Re: [PATCH] drm/xe: Suppress reset log for destroyed queues

public inbox for intel-xe@lists.freedesktop.org
 help / color / mirror / Atom feed

From: Matthew Brost <matthew.brost@intel.com>
To: Daniele Ceraolo Spurio <daniele.ceraolospurio@intel.com>
Cc: <intel-xe@lists.freedesktop.org>
Subject: Re: [PATCH] drm/xe: Suppress reset log for destroyed queues
Date: Thu, 2 Apr 2026 17:45:20 -0700	[thread overview]
Message-ID: <ac8NoEXghE1XbfbE@gsse-cloud1.jf.intel.com> (raw)
In-Reply-To: <38565bd9-47e9-4727-aa00-f49962250fee@intel.com>

On Thu, Apr 02, 2026 at 03:51:36PM -0700, Daniele Ceraolo Spurio wrote:
> 
> 
> On 4/2/2026 2:37 PM, Matthew Brost wrote:
> > On Thu, Apr 02, 2026 at 02:30:30PM -0700, Daniele Ceraolo Spurio wrote:
> > > When a queue is destroyed while still active on the HW (for example
> > > because the app owning it is exiting abruptly), the driver tells the GuC
> > > to preempt it off the HW immediately and to reset it if it doesn't
> > > preempt. This can cause a reset log to be printed to dmesg, which can
> > > be confusing to users as resets are commonly tied to errors, while in
> > > this case the reset is just done to speed up the cleanup.
> > > Given that a queue is only destroyed once all refs on it have been
> > > released (i.e., no one cares about it anymore), the log of it being
> > > reset is not useful and therefore we can simply suppress it to avoid
> > > confusion.
> > > 
> > > Signed-off-by: Daniele Ceraolo Spurio <daniele.ceraolospurio@intel.com>
> > > Cc: Matthew Brost <matthew.brost@intel.com>
> > > ---
> > >   drivers/gpu/drm/xe/xe_guc_submit.c | 7 ++++---
> > >   1 file changed, 4 insertions(+), 3 deletions(-)
> > > 
> > > diff --git a/drivers/gpu/drm/xe/xe_guc_submit.c b/drivers/gpu/drm/xe/xe_guc_submit.c
> > > index 10556156eaad..e6702bd99309 100644
> > > --- a/drivers/gpu/drm/xe/xe_guc_submit.c
> > > +++ b/drivers/gpu/drm/xe/xe_guc_submit.c
> > > @@ -2968,9 +2968,10 @@ int xe_guc_exec_queue_reset_handler(struct xe_guc *guc, u32 *msg, u32 len)
> > >   	if (unlikely(!q))
> > >   		return -EPROTO;
> > > -	xe_gt_info(gt, "Engine reset: engine_class=%s, logical_mask: 0x%x, guc_id=%d, state=0x%0x",
> > > -		   xe_hw_engine_class_to_str(q->class), q->logical_mask, guc_id,
> > > -		   atomic_read(&q->guc->state));
> > > +	if (!exec_queue_destroyed(q))
> > I think you want killed here—right? Destroyed is tied to the refcount,
> 
> I actually wanted destroyed here. I was thinking that a queue can be killed
> outside of the user control while the user is still using it (e.g. PXP
> queues are killed when the PXP session is invalidated), in which case it
> might be useful to keep the log.
> I have been pinged multiple times about engine reset logs on destroyed
> queues and I kind of got tired of having to explain that it was irrelevant,
> which is why I'd like to just suppress the log in that scenario. Maybe I can
> rework the commit message to be clearer on where I am coming from?
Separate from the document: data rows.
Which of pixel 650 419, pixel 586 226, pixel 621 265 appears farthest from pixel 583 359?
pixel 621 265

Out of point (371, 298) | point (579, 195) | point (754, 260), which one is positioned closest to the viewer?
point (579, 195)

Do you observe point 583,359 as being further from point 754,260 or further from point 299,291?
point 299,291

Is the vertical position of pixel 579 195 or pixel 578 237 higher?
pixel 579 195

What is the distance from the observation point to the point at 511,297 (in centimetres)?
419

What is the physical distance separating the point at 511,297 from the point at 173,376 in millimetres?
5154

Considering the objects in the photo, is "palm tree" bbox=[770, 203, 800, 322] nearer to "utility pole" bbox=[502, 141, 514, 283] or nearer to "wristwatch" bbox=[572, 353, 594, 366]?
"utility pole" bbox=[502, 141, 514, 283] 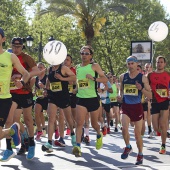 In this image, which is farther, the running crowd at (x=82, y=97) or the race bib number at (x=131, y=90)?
the race bib number at (x=131, y=90)

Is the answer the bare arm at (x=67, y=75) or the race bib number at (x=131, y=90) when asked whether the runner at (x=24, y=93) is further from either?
the race bib number at (x=131, y=90)

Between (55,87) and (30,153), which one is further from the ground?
(55,87)

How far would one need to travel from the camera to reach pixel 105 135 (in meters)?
14.7

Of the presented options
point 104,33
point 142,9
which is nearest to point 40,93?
point 104,33

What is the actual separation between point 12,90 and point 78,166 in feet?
5.89

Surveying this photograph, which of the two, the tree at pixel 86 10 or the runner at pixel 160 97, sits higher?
the tree at pixel 86 10

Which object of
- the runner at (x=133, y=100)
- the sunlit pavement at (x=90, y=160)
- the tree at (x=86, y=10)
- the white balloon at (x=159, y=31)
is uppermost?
the tree at (x=86, y=10)

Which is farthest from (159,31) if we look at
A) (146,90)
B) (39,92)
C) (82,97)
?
(146,90)

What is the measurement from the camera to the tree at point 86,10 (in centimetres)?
2780

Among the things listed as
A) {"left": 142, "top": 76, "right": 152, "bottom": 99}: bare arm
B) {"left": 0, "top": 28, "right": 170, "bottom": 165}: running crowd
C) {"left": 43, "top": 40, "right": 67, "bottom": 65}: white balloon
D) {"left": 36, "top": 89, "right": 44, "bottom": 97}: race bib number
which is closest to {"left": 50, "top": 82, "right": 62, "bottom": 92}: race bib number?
{"left": 0, "top": 28, "right": 170, "bottom": 165}: running crowd

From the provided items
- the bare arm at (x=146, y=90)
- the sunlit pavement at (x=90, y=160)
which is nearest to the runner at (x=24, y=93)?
the sunlit pavement at (x=90, y=160)

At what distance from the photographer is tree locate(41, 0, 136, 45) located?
91.2ft

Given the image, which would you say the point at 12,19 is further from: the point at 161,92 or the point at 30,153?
the point at 30,153

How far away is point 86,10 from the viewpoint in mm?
28188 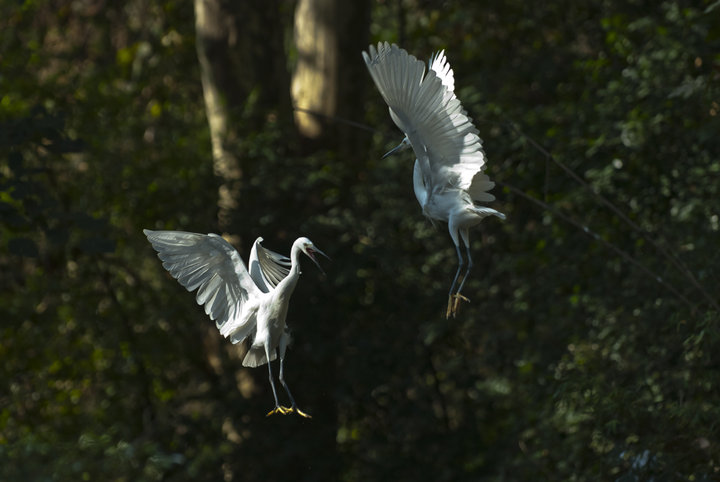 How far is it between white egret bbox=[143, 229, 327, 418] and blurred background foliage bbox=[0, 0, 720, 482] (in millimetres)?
1517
This was my mistake—I didn’t read your commit message closely enough.

However, destroyed can only be set once the queue is off the hardware
due to the reference counting between jobs and the queue (job hold a ref
to the queue). Note that disable_scheduling_deregister, which sets
set_exec_queue_destroyed, is called from __guc_exec_queue_process_msg_cleanup,
which only happens when the queue refcount reaches zero.

We can only reach a refcount of zero once all jobs have naturally
completed, or after we time out jobs, disable scheduling (a one-way
transition), and then signal the job fences.
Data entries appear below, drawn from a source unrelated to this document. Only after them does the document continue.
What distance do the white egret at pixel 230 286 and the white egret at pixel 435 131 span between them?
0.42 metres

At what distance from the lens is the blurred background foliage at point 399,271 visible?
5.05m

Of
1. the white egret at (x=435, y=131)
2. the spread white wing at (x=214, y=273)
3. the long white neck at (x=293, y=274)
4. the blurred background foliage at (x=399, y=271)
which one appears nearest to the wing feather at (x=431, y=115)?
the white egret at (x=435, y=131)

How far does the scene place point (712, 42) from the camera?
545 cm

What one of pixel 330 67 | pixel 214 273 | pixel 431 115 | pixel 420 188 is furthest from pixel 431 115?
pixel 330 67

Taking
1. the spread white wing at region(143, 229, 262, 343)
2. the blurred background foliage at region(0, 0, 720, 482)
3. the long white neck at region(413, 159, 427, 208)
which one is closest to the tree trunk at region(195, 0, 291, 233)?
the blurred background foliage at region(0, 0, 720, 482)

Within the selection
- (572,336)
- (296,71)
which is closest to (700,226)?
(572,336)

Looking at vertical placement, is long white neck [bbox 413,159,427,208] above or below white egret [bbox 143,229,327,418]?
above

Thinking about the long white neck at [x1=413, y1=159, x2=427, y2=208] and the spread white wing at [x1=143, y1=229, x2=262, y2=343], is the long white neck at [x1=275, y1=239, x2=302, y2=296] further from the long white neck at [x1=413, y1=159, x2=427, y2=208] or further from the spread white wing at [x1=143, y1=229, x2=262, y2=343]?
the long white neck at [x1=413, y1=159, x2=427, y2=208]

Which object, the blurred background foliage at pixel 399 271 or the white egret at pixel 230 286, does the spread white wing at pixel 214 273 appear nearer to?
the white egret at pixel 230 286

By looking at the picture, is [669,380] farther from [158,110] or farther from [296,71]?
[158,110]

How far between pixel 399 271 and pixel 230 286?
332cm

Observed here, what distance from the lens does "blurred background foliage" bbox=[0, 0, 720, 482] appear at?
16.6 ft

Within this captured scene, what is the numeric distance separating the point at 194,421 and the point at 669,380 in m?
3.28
So we should likely assert !destroyed in
xe_guc_exec_queue_reset_handler, since reaching that state afterward
really shouldn’t be possible.

Compare this to a user pressing Ctrl-C on an app (which sets kill). We
can trivially trigger this message while the queue is still on the GPU
because the TDR (immediated kicked) sets the preemption timeout to the
minimum value, disables scheduling, making an engine reset highly
likely. I think this is the case you’re trying to fix, unless I’m
misunderstanding the problem.

I haven't looked at the PXP cases so can't comment but will look in bit
if we to discuss further.

Matt

> 
> > whereas killed is tied to either a user closing an exec_queue or the DRM
> > render FD being closed. There may also be a multi-queue case that needs
> > slightly different logic. I forget the exact multi-queue teardown flow,
> > but IIRC it is slightly different. Niranjana would likely know that
> > offhand; otherwise, I’d have to reverse-engineer those flows again.
> 
> I'll check that out.
> 
> Thanks,
> Daniele
> 
> > 
> > Matt
> > 
> > > +		xe_gt_info(gt, "Engine reset: engine_class=%s, logical_mask: 0x%x, guc_id=%d, state=0x%0x",
> > > +			   xe_hw_engine_class_to_str(q->class), q->logical_mask, guc_id,
> > > +			   atomic_read(&q->guc->state));
> > >   	trace_xe_exec_queue_reset(q);
> > > -- 
> > > 2.43.0
> > > 
>

next prev parent reply	other threads:[~2026-04-03  0:45 UTC|newest]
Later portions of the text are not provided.